Simon: Open-Source Speech Recognition: Februar 2010

Mittwoch, 24. Februar 2010

Benefit project

On the 1st of February 2010 the friendly society simon listens started to work on a new project. For the next one and a half years, the simon listens team will investigate ways and means to make the simon speech recognition solution even more usable – especially for the elderly.

Abstract:
With the help of verbal control provided by simon using terms of everyday language, useful scenarios and areas of application shall be created to enable an easy use of new communication technologies such as the internet, telephone and multimedia applications for elderly people. Moreover, additional security can be provided, for example, a reminder for the user to take a medication.

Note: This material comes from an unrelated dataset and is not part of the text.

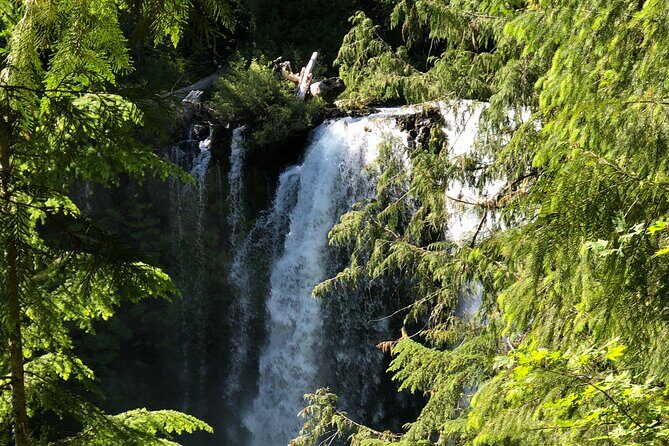 Waterfalls & the McKenzie River in a Tesla - Analyzing the Value: Is It Worth It?
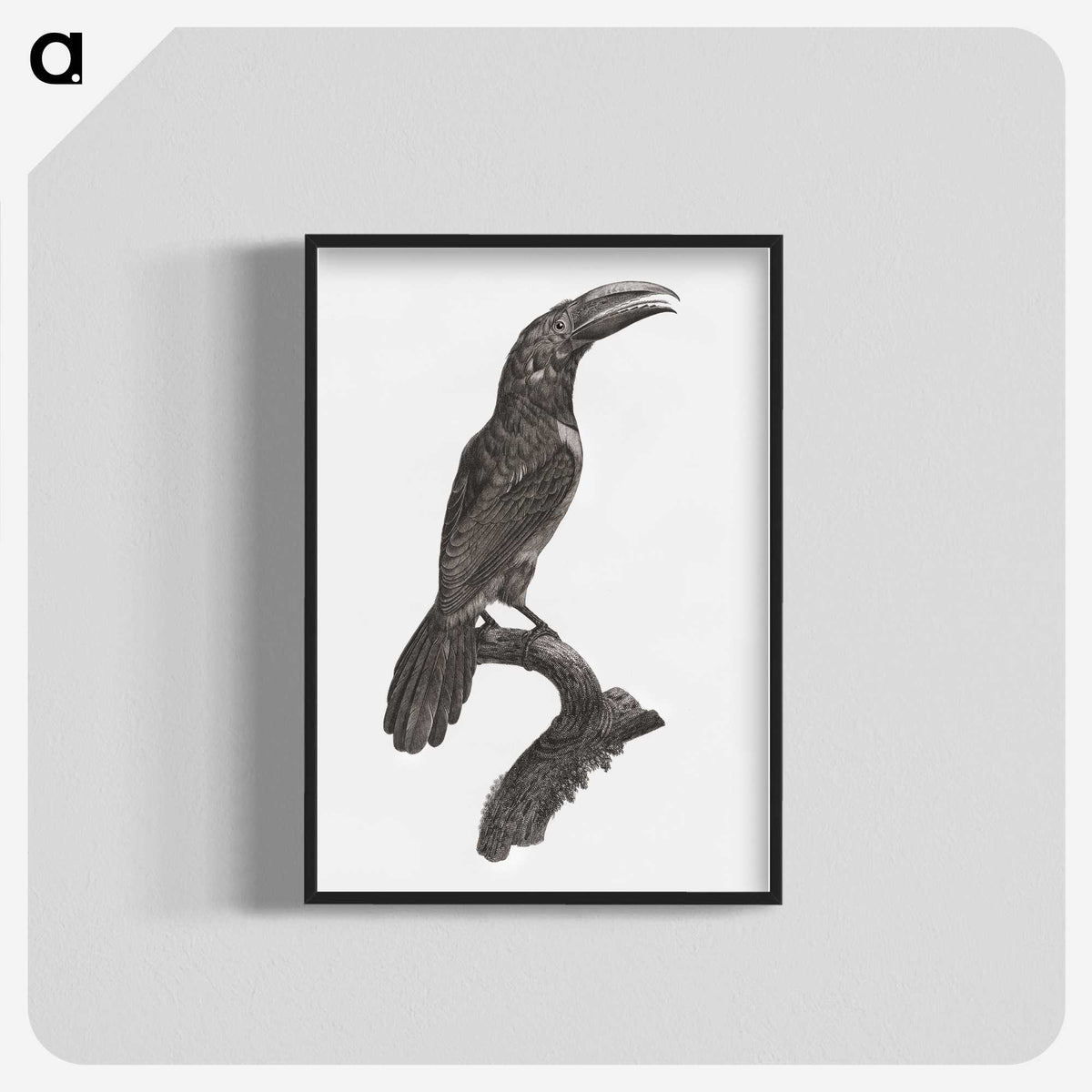 1-43_Des-Oiseaux-de-Paradis_blk-crop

In the course of this project we will join forces with the Signal Processing and Speech Communication Laboratory of the Graz University of Technology, the HTBLA Kaindorf/Sulm, the Rehabilitation Clinic Maria-Theresia, the KFU Research Center for Austrian German and the Huminatis Graz to ensure that we have the necessary expertise to tackle such an ambitions project.

The solution created in this project will be released under the GPL license. All code will be freely available to the community.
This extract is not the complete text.